Jeff Tweedy Shares New Songs ‘C’mon America’ and ‘UR-60 Unsent’

Wilco frontman Jeff Tweedy has shared two new songs, ‘C’mon America’ and ‘UR-60 Unsent’, as part of the latest Sub Pop Singles Club 7″. ‘C’mon America’ is taken “from an unreleased group of songs with mostly sci-fi lyrics,” while ‘UR-60 Unsent’ is described as “a pitiful tale of an unsent lovesick mixtape, taken from a separate batch of unreleased songs with mostly pitiful lyrics.” Take a listen below.

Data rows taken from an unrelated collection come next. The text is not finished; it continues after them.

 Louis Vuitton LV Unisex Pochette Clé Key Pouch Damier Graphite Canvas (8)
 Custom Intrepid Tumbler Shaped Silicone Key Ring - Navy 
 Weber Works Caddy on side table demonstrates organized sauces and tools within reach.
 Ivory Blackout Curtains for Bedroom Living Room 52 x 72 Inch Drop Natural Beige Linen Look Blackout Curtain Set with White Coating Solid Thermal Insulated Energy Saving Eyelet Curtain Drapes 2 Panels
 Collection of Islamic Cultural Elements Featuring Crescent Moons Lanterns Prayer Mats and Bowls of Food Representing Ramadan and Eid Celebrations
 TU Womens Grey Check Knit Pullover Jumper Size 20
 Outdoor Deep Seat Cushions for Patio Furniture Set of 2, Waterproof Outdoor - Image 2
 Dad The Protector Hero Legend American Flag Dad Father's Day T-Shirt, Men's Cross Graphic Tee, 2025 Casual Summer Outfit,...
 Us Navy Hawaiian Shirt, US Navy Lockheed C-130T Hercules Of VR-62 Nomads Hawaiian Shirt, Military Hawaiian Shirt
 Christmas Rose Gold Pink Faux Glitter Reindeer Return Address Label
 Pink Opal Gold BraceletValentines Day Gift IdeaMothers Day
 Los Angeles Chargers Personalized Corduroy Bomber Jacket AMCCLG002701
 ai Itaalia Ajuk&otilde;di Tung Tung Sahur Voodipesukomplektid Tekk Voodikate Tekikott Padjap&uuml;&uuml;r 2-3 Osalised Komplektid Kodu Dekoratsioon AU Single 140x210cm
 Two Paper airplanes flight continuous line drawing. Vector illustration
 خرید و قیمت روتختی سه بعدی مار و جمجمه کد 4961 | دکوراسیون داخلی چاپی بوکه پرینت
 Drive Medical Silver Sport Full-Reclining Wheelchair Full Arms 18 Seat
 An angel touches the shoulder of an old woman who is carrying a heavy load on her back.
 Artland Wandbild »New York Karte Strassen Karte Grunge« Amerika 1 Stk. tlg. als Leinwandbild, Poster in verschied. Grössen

In addition, Sub Pop has also shared TV Priest’s ‘All Thing’ as the B-side to their contribution to the series, which features last month’s ‘Lifesize’ as the A-side. “‘All Thing’ is a subversion of the Anglo Saxon word for parliament or meeting (Althing or Thing),” frontman Charlie Drinkwater said in a statement. “It asks questions about the power of groupthink and ideas of nationhood that have become static, non-inclusive and singular.”